According to tax specialist Marc Quaghebeur, these changes have led to plummeting sales of luxury cars as commuters are increasingly favouring cheaper models. Nevertheless, he says company cars still represent an advantageous fringe benefit.
The government is also encouraging private buyers to go green. In line with a European directive it introduced a fuel economy label that helps buyers assess the climate change impact of different models, from ‘green’ vehicles with low CO2 emissions and high mileage rates to high-polluting ‘red’ vehicles. This system was used in the past solely for public procurement, but now dealers must tag every vehicle.
In addition, all vehicles from mopeds to lorries are given an ‘eco sccore’ to reflect their overall environmental performance (greenhouse gases, noise pollution and impact on human health). The registration tax takes account of this score and discounts are available on low-emitting cars. For example, if you buy a new car with less than 105g CO2/km, you will qualify for a 15% reduction in the purchase price including VAT up to €3,280 - for 105-115g vehicles, the reduction falls to 3%, up to a maximum discount of €615.
Incentives also encourage people to buy electric vehicles. A tax credit of 15% of the purchase price (maximum €3,280) was introduced in 2010. Furthermore, individuals who install publicly accessible charging points qualify for a tax credit of 40%. Deductions are also in place for companies, and company EVs are exempt from registration tax and fully VAT deductible. The monthly rent (without the interest costs and the fuel expenses) is also 120% deductible.
Finally, it is worth noting, particularly for the self-employed, that running a car is a taxdeductible business expense. Lawyer Gregory Goossens explains: “The purchase price of the vehicle is depreciated over five years – 20% every year – and then you can deduct 75% of that amount. Interest payments are 100% deductible.”
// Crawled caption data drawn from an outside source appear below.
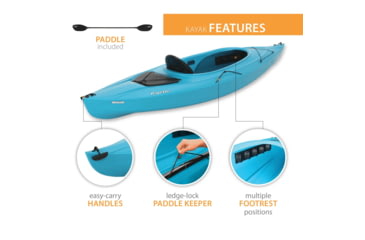 Image of Lifetime Products Payette 98 Sit-In Kayak w/Paddle, Glacier Blue, 90692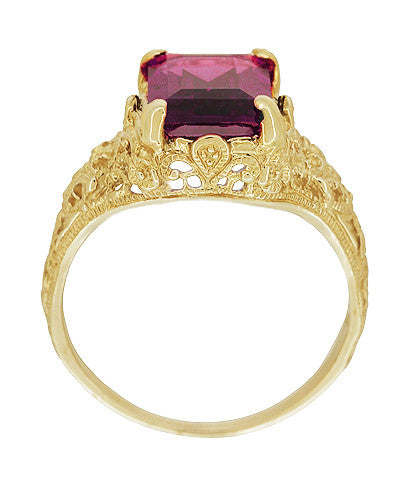 Edwardian Filigree Emerald Cut Rhodolite Garnet Engagement Ring in 14 Karat Yellow Gold - Item: R618YG - Image: 3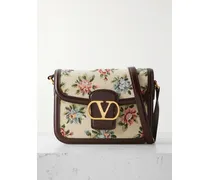 9to5 Schultertasche Aus Canvas Mit Jacquard-muster Und Lederbesätzen - Braun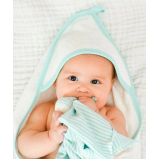Hooded Towel Under the Nile, Organic Baby Deluxe, Aqua  - 2 miniature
The professional use of the car is also 75% deductible, excluding private use and home-work travel. “For the latter you get €0.15 per km and that’s it. So it all comes down to increasing the professional kilometres driven with the car to get the most out of it,” says Goossens.
Other deductible items include car loan interest payments, road and registration tax, car insurance, parking and toll fees, maintenance and repairs, annual technical check-up costs, expertise and legal expenses, and installation of mobile phone and car GPS.